Unix Scripting: some Traps, Pitfalls and Recommendations

Version 1.02, 7 February 2002

by

Marc Dobson

 

Table of Contents

 

Acknowledgements

Thanks to Doris Burkhart who suggested I wrote this document, and to all those who have contributed information: Reiner Hauser and Piotr Galonka.

 

1. Introduction

There is much confusion over scripts, the way to call them, write them and many bad practices which complicate debugging in a multi-developer environment. I will show in this document some of the pitfalls which arise from using the same scripts on different Unix platforms and some of the pitfalls which arise from sourcing or executing scripts. In each section I present some examples to illustrate the pitfalls and some recommendations for avoiding them.

 

2. Shells and Script Interpreter Locations on some Unix Platforms

The various shells or script interpreters which I have come accross and which will be discussed in more detail in this document are: SH, BASH, PERL and EXPECT. Many more exist and much of what is said below also applies to those also. Examples of other shells or script interpreters are: CSH, TCSH, ZSH and KSH.

The location of the shells or script interpreters is important as executed scripts (see section 3 for the different calling methods for a script, i.e. sourcing or executing) must include this information in a special line which is the first line of the script. This line for the SH shell will look like:
#!/bin/sh
(Note there is no space between the #! and the path /bin/sh)

In Unix the "standard" shell is (or used to be) the Bourne Shell, which is usually located in /bin/sh. This location is valid for Irix, Linux, Solaris, and LynxOS and is therefore more "standard" than most other shells or scripting interpreters (see below for other examples).

Note: on many platforms /bin/sh points these days to BASH anyway (BASH stands for Bourne Again Shell).

Under Linux the default place for BASH is /bin/bash, the default place for PERL and EXPECT is /usr/bin/perl and /usr/bin/expect.

Note: CERN have these also in /usr/local/bin/ and this is the officially recommended place. The reason for this is that this location points to the ASIS repository which is updated regularly. The standard Linux location is often not updated regularly unless your distribution is updated regularly.

Under Solaris 2.5.1, 2.6 or 2.7, BASH is located in /usr/bin/bash, PERL and EXPECT are located in /usr/local/bin/perl and /usr/local/bin/expect.

Under LynxOS 3.0.1 running on PowerPC (I do not have access to anything else) BASH seems to be located under /bin/bash, PERL and EXPECT seem to be located under /usr/bin/perl and /usr/bin/expect.

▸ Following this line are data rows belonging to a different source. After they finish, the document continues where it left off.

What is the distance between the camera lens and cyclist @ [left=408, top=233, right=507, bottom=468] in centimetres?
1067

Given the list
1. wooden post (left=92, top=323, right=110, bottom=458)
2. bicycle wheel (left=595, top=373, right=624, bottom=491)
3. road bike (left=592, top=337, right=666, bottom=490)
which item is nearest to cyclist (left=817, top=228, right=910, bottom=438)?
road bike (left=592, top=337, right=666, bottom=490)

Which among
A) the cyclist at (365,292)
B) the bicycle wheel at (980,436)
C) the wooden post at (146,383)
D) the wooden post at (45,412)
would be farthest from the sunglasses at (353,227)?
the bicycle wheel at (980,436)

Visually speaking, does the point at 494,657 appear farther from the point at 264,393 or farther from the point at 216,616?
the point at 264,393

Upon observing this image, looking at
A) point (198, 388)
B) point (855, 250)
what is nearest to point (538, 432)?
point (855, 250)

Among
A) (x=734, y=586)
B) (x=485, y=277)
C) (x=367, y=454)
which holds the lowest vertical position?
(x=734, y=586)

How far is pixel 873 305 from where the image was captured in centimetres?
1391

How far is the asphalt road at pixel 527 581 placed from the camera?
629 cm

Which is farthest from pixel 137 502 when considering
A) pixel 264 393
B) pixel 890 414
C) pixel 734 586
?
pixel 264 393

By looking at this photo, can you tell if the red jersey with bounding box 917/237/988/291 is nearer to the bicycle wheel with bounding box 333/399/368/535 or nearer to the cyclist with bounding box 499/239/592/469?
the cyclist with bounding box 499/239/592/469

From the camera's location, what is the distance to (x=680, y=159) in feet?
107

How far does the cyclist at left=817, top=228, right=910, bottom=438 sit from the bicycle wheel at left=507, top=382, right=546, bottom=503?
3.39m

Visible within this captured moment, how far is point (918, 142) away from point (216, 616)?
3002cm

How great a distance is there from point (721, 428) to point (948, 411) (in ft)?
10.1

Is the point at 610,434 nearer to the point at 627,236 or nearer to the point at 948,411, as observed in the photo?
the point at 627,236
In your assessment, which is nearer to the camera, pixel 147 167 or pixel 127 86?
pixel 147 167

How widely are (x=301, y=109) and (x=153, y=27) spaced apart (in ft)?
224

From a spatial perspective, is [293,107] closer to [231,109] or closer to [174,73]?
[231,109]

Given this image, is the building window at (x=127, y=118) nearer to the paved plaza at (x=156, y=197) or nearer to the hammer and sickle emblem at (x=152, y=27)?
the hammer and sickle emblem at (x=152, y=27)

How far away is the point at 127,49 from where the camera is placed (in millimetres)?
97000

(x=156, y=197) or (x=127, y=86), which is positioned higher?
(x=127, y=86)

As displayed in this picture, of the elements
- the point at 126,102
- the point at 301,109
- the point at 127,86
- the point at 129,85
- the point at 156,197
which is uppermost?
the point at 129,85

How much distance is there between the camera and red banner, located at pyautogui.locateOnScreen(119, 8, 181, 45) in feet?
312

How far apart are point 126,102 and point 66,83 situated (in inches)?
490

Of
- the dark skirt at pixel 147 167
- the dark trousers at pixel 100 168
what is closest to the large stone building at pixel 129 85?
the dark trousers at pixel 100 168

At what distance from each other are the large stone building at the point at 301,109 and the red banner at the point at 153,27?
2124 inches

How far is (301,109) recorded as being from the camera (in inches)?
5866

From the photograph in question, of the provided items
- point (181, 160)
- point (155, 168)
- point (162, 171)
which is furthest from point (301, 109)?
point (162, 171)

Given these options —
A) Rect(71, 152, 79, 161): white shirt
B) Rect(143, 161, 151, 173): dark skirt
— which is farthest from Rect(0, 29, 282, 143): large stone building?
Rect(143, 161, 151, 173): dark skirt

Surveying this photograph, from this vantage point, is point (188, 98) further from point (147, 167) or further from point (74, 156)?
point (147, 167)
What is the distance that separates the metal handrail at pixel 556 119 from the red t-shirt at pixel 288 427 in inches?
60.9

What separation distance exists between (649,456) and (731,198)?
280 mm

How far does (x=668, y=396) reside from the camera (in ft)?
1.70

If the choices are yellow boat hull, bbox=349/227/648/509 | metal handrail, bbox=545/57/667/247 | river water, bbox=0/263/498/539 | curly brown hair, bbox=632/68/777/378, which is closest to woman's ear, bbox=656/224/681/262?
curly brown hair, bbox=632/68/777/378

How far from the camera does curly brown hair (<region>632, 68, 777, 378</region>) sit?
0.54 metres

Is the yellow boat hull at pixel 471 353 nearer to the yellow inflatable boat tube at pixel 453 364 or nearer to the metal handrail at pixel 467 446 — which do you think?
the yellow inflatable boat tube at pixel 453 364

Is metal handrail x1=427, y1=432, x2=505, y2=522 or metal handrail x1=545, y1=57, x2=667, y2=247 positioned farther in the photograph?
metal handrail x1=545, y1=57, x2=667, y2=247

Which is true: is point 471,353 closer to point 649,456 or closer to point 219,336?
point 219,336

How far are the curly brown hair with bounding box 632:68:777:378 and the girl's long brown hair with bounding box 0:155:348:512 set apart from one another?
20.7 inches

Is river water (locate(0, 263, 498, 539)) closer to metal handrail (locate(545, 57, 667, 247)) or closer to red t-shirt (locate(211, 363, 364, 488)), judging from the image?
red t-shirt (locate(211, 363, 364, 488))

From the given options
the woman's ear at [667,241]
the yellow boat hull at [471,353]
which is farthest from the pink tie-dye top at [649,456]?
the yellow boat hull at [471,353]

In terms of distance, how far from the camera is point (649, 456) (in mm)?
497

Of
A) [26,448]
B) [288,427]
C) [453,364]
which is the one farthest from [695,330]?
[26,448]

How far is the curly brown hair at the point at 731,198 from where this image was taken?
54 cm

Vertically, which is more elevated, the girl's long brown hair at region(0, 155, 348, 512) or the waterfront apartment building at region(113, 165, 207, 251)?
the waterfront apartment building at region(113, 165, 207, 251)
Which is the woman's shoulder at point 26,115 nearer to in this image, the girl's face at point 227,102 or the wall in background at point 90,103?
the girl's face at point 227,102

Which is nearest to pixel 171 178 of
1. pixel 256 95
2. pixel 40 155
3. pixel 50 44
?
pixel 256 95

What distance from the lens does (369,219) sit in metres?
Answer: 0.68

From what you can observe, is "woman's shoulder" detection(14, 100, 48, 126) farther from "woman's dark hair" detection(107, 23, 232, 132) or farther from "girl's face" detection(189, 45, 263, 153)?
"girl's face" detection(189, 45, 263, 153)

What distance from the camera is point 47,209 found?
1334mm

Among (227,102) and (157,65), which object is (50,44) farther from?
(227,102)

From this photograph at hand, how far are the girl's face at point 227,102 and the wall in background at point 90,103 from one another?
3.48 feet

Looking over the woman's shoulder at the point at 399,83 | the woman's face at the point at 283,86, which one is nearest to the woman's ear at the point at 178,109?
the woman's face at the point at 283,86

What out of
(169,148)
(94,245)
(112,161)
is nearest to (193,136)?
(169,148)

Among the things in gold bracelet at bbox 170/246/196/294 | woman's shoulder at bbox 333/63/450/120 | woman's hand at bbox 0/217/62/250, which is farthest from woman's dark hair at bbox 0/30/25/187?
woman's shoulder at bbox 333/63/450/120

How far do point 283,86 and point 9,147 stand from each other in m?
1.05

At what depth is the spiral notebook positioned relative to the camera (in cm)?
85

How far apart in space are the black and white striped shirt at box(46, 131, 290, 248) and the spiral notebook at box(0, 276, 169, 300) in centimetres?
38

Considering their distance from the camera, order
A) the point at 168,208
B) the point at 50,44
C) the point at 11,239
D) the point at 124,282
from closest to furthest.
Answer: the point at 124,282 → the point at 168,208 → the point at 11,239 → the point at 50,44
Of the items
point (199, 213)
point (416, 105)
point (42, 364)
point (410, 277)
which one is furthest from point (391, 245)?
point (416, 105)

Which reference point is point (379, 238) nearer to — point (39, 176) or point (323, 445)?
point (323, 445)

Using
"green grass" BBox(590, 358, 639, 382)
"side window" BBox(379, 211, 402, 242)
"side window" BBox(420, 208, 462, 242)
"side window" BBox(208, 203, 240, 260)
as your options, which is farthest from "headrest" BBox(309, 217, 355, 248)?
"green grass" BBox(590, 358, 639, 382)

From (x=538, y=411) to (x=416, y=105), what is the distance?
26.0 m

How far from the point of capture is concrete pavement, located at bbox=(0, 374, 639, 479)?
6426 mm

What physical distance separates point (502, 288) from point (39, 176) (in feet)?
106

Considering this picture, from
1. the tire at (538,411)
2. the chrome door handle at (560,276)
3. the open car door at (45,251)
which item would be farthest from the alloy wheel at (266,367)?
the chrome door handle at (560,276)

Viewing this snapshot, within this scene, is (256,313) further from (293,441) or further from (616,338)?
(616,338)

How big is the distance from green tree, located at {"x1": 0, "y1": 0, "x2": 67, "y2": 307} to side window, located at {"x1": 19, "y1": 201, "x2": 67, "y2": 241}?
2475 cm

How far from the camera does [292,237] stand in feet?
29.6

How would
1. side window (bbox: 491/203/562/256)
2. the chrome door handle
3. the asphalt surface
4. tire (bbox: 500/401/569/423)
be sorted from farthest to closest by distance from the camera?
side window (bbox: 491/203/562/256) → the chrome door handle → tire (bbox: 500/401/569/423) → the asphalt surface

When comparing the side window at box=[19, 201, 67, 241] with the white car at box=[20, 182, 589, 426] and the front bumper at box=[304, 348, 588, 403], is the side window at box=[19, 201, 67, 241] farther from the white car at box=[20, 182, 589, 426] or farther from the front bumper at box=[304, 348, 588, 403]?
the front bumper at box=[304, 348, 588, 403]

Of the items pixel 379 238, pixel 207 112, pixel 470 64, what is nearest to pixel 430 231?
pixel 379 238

As one can see the locations vary even in the very limited set of platforms which I have had access to.

Another way to start a script is to use the ENV command. This just runs a program in a environment. Which means that on Linux env bash will run BASH. Therefore in a script it is possible to write:
#!/usr/bin/env bash
in order to run a BASH script. ENV finds out where BASH, or any other scripting interpreter, is located (from the default search path and from the users PATH variable), and executes the script with that interpreter.

Writing scripts in this way implies that the only path that needs to be known or that needs to be the same on the various platforms is the path for ENV.

The path for ENV is /usr/bin/env on Linux and Solaris, and /bin/env on LynxOS.

Recommendation 1: I suggest that wherever possible scripts should run in the Bourne Shell (for simple scripts at least).

Recommendation 2: for minimal change to the machine setups I suggest the use of the ENV method of starting a script, which implies only one link needed in the LynxOS setup, from /bin/env to /usr/bin/env.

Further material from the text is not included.